Étant passionnée de musique, mais non férue, étant mélomane, mais non musicologue avec toutes les lacunes que cela comporte, à la fin de ce concert je me suis adressée à un auditeur que je savais musicien classique : « À votre avis, puis-je me permettre de penser que le pianiste aurait un peu interprété en ajoutant des notes ? » La réponse fut sans équivoque : « Absolument pas ! Liszt écrit ainsi, avec cette multitude de notes. Il existe même un opus de Liszt que les pianistes sont forcés de mémoriser car sur scène ils ne pourraient déchiffrer la partition tant il y a de notes. » Ainsi renseignée, mon admiration s’est encore accrue non seulement pour le génie du compositeur dont nous venions d’entendre les œuvres, mais aussi pour l’immense pianiste qui venait de nous les interpréter avec autant de fougue, de puissance, de précision et d’intériorité tout à la fois, un exploit.

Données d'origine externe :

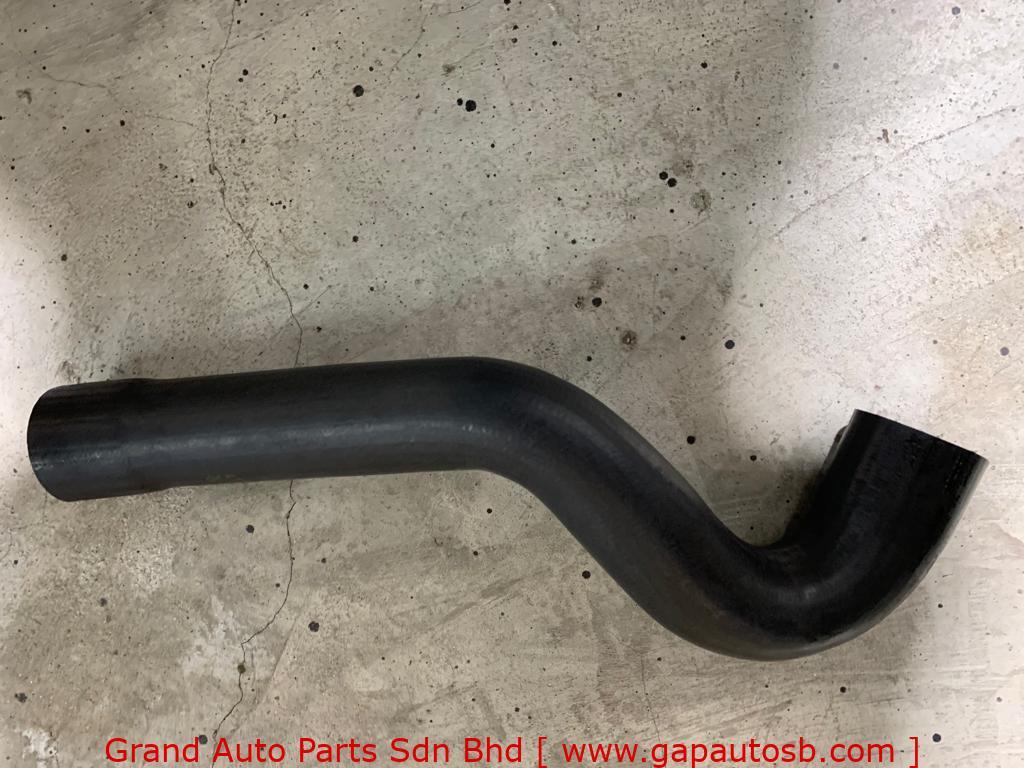 156.130/1533950 SCANIA P R G SERIES RADIATOR LOWER HOSE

Car, certes, les prestations de Gianluca Luisi furent toutes et chacune des prouesses de virtuose, mais ce qui m’a frappée tout au long de ce concert c’est l’intensité et la profondeur de l’émotion qui se dégageait de lui pour nous atteindre et nous pénétrer de la tête aux pieds, du cœur jusqu’à l’âme.
Se succéderont un solennel et ténébreux Don Carlos (Verdi/Liszt) avec quand même le ruissellement d’un rayon qui se faufilera pour nous parvenir. Suivra un orage intérieur, l’expression d’une douleur cuisante, grondement dans les basses, roulement continu, jeu de puissance du pianiste avec malgré tout une lueur d’espoir, Miserere del Trovatore (Verdi/Liszt également). Une pluie de confettis de lumière nous inondera, gammes chromatiques et arpèges époustouflants parsemés d’innombrables trilles, la joie d’oiseaux joyeux, dans Valzer di Faust (Gounod/Liszt). Après quoi Luisi se concentrera plusieurs secondes pour affronter le fameux Rigoletto (Verdi/Liszt) qui, selon lui, serait la transcription d’opéra par Liszt la mieux réussie. Joie, allégresse, encore une fois trilles et arpèges athlétiques, c’était de la musique, mais aussi de la parole, le frémissement de deux âmes qui dialoguent.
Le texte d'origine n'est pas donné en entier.